Of course, the only genuine solution to reducing farmed animal cruelty as much as possible is to reduce or give up entirely the use of animal products; by going all the way and going vegan, you take perhaps the biggest step towards avoiding unnecessary suffering and death of our animal friends. Although we cannot avoid death and suffering in this world, being vegan means you are trying your best to avoid unnecessary harm to other animals. And a more compassionate world is definitely something that is newsworthy.
Image credit: Ethelred, from Wikimedia Commons, under a Creative Commons License.
Eleanor @ Planned Resilience
Seems to me that this is a great opportunity to have another muck racker (think Upton Sinclair) make the public aware of this problem. Such a writer could spur the local food movement forward.
As the local food movement increases, the market for industrializly produced eggs (and pork, beef, etc.) shouldn’t decrease due to lack of demand? Unfortunately, this will not help these unfortunate animals today.
Justin Van Kleeck
Thanks for your comment Eleanor. A lot of fine writers are digging into these topics, but sadly they often are ignored or marginalized as “extremists” (sometimes due to their tone as much as the content of their message). I think it is a matter of steps: step from factory farming to local, humanely raised animal products (which would necessarily entail a reduction in consumption, as I mentioned); then step from humane products to no animal products being used by humans.

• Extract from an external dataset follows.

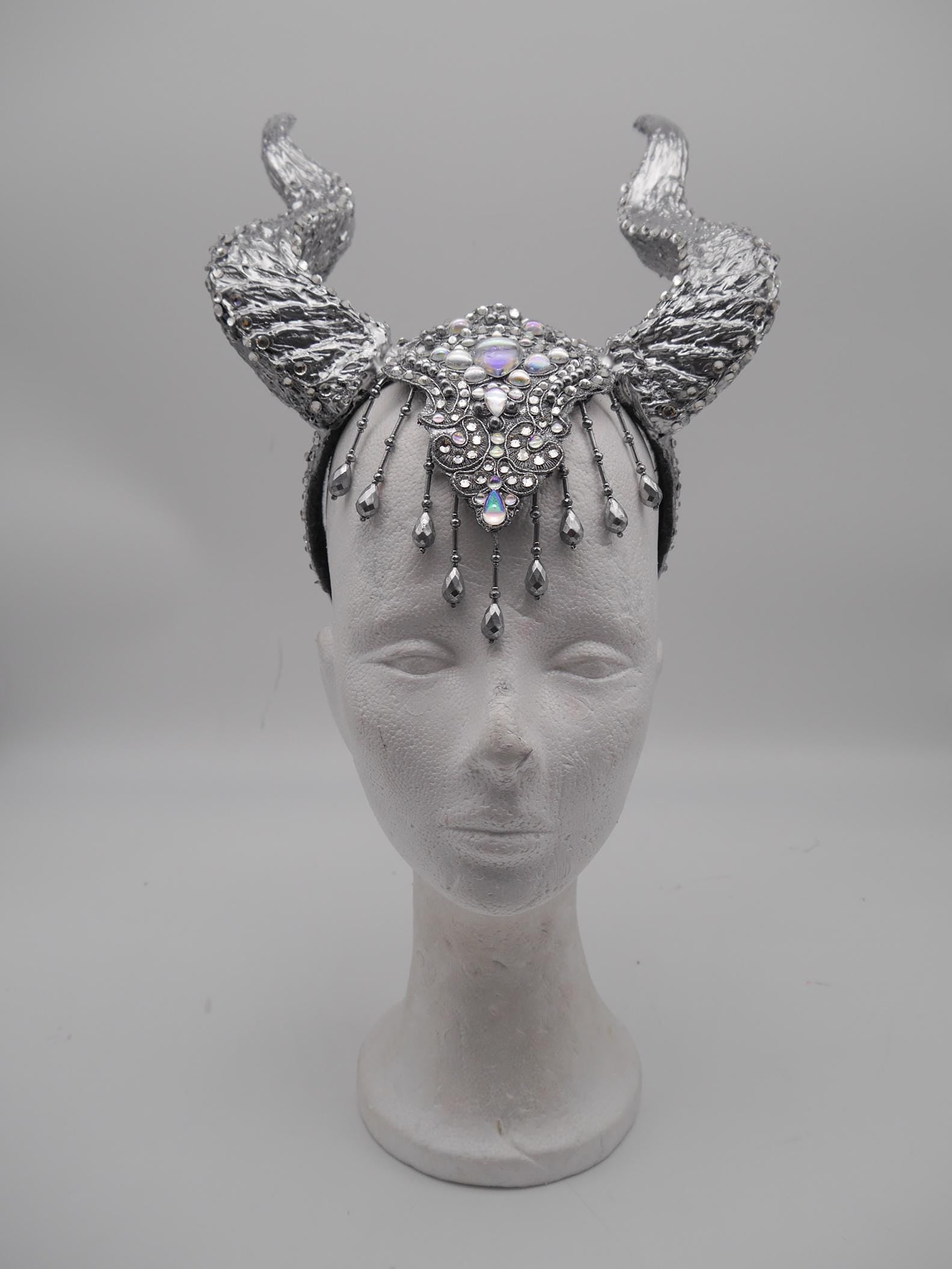Frozen Light Dragon Headdress ~ winter gothic Horns ~ Ice Queen of Darkness ~ goth ~ occult Headpiece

Sadly, even that stepped process is going to be very hard, and very slow, as you point out. And it will mean a lot of animals being harmed in the process. I would love to see it happen more quickly, but (as with fossil fuels) going “cold turkey” is not a realistic possibility, I fear.
It’s actually a positive thing for animals that this hasn’t gotten attention. We don’t need people thinking that their eggs are somehow humane just because they were given a few extra inches of space. Unfortunately, this media storm has only just begun — if it actually passes through congress, it’ll get plenty of attention. The egg industry will make sure of it.
Justin Van Kleeck
Hi Alex, and thanks for your comment. I definitely share your concerns about how this agreement, and the story of it, could and will get played by the various interested parties. However, this is something I tried to shine light on in my post–mentioning that it should be a reason for the media to discuss the pros and the cons of the agreement. And, more importantly, I hoped it would be a doorway into an expose of the factory farm industry as a whole, on a much more widespread level, since this sort of agreement tacitly acknowledges (i.e., verifies) that the status quo is inherently cruel…and unnecessarily so.